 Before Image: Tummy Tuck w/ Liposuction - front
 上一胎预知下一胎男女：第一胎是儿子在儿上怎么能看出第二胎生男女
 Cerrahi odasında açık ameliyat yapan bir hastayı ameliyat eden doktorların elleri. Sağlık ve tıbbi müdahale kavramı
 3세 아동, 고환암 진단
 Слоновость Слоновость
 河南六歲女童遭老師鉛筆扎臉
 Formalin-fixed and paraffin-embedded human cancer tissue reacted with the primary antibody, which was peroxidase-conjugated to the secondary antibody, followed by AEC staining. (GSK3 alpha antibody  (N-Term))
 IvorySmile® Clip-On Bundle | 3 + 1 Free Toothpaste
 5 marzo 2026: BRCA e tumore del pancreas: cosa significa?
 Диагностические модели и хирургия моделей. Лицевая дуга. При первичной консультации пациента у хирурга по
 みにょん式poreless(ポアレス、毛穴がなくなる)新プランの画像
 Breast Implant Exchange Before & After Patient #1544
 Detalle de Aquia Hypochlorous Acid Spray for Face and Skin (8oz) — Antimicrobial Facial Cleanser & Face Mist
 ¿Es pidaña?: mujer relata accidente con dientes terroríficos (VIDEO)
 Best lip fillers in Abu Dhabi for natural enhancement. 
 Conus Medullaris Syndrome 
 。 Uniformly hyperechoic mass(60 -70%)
______
» WHAT TO WORK ON
How many lines in the entries above include the string "Before"? Please answer with that number and nothing more.

» RESULT OF THE EXERCISE
2